Of all the lines below, output only those starting at the one with "на технике лобовое" and ending at the one with "2019 Vespa 300 HPE Super Sport - 2/4", both ends included, exactly as written.

[Data extracted from a collection]
>>
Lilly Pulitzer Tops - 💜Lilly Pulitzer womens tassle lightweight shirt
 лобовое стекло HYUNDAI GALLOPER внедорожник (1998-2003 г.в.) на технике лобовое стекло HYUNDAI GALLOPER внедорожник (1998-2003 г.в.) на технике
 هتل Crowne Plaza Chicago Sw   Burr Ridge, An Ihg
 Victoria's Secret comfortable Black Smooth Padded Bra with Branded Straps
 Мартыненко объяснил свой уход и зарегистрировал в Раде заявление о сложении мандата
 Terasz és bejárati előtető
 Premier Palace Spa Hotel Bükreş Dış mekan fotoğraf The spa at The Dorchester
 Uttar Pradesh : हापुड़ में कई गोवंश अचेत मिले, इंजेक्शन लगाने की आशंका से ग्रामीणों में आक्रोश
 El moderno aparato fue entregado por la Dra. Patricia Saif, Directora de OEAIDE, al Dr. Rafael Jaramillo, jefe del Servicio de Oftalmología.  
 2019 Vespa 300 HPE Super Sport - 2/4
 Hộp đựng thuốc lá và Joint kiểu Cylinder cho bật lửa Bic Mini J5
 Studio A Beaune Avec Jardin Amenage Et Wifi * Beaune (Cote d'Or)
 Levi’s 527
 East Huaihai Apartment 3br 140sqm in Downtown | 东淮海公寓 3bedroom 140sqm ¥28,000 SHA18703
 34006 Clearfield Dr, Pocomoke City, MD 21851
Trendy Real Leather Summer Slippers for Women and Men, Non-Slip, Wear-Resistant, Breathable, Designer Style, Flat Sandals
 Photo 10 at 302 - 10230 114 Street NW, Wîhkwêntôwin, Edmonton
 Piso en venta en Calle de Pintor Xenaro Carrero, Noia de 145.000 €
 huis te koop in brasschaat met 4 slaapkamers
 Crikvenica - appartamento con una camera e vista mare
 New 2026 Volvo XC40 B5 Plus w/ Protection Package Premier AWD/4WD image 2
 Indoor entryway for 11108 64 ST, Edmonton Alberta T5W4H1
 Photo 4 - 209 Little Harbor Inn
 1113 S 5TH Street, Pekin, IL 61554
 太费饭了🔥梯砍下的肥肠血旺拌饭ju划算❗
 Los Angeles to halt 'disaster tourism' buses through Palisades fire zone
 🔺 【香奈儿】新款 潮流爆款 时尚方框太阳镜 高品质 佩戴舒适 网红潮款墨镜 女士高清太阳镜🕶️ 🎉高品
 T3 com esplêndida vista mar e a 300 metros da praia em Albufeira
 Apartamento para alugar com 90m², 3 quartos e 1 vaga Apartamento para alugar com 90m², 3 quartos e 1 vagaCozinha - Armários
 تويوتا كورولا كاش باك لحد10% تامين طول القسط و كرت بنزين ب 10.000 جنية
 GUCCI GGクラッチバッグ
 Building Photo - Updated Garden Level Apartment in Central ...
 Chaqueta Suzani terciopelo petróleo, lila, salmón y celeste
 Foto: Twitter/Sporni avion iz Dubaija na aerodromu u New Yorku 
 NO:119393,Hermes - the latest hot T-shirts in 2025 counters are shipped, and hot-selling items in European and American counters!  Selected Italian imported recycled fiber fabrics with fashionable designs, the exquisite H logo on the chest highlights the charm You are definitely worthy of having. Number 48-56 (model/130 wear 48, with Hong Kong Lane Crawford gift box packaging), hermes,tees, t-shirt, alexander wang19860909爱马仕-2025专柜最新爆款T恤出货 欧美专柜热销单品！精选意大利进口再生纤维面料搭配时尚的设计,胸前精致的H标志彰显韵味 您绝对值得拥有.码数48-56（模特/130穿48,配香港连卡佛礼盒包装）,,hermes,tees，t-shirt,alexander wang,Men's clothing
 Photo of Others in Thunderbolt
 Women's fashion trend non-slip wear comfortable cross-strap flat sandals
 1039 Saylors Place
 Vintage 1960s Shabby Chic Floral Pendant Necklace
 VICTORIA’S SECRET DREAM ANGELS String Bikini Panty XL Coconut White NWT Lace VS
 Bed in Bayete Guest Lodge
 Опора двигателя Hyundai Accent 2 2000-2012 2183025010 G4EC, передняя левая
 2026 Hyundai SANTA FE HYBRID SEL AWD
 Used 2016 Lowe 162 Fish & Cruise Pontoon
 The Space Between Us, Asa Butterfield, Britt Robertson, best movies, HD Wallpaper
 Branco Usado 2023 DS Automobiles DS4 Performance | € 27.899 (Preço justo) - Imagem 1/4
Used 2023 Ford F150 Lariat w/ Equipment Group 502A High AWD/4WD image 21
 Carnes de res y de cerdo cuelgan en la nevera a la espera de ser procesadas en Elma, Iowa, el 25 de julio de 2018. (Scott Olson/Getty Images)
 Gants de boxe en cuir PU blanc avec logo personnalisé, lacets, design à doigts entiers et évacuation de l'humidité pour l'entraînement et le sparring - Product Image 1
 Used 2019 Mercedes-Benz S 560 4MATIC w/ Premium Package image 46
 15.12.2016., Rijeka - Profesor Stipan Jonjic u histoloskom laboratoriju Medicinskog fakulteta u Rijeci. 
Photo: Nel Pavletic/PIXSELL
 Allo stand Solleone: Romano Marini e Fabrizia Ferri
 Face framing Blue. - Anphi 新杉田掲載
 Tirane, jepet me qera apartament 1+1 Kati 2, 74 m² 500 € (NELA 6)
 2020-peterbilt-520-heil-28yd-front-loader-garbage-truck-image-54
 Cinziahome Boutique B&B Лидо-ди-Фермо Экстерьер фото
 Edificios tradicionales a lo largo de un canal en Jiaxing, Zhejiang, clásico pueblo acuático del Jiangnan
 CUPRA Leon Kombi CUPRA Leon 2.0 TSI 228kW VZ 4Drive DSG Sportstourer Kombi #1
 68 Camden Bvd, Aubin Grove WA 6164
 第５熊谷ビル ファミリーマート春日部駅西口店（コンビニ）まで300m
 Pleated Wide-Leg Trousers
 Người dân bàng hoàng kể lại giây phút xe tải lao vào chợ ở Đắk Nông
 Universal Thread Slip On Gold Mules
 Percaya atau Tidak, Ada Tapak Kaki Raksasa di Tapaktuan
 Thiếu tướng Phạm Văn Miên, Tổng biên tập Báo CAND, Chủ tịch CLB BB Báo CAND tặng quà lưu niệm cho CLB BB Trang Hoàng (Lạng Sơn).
<<
ANSWER TO THIS EXERCISE:
 лобовое стекло HYUNDAI GALLOPER внедорожник (1998-2003 г.в.) на технике лобовое стекло HYUNDAI GALLOPER внедорожник (1998-2003 г.в.) на технике
 هتل Crowne Plaza Chicago Sw   Burr Ridge, An Ihg
 Victoria's Secret comfortable Black Smooth Padded Bra with Branded Straps
 Мартыненко объяснил свой уход и зарегистрировал в Раде заявление о сложении мандата
 Terasz és bejárati előtető
 Premier Palace Spa Hotel Bükreş Dış mekan fotoğraf The spa at The Dorchester
 Uttar Pradesh : हापुड़ में कई गोवंश अचेत मिले, इंजेक्शन लगाने की आशंका से ग्रामीणों में आक्रोश
 El moderno aparato fue entregado por la Dra. Patricia Saif, Directora de OEAIDE, al Dr. Rafael Jaramillo, jefe del Servicio de Oftalmología.  
 2019 Vespa 300 HPE Super Sport - 2/4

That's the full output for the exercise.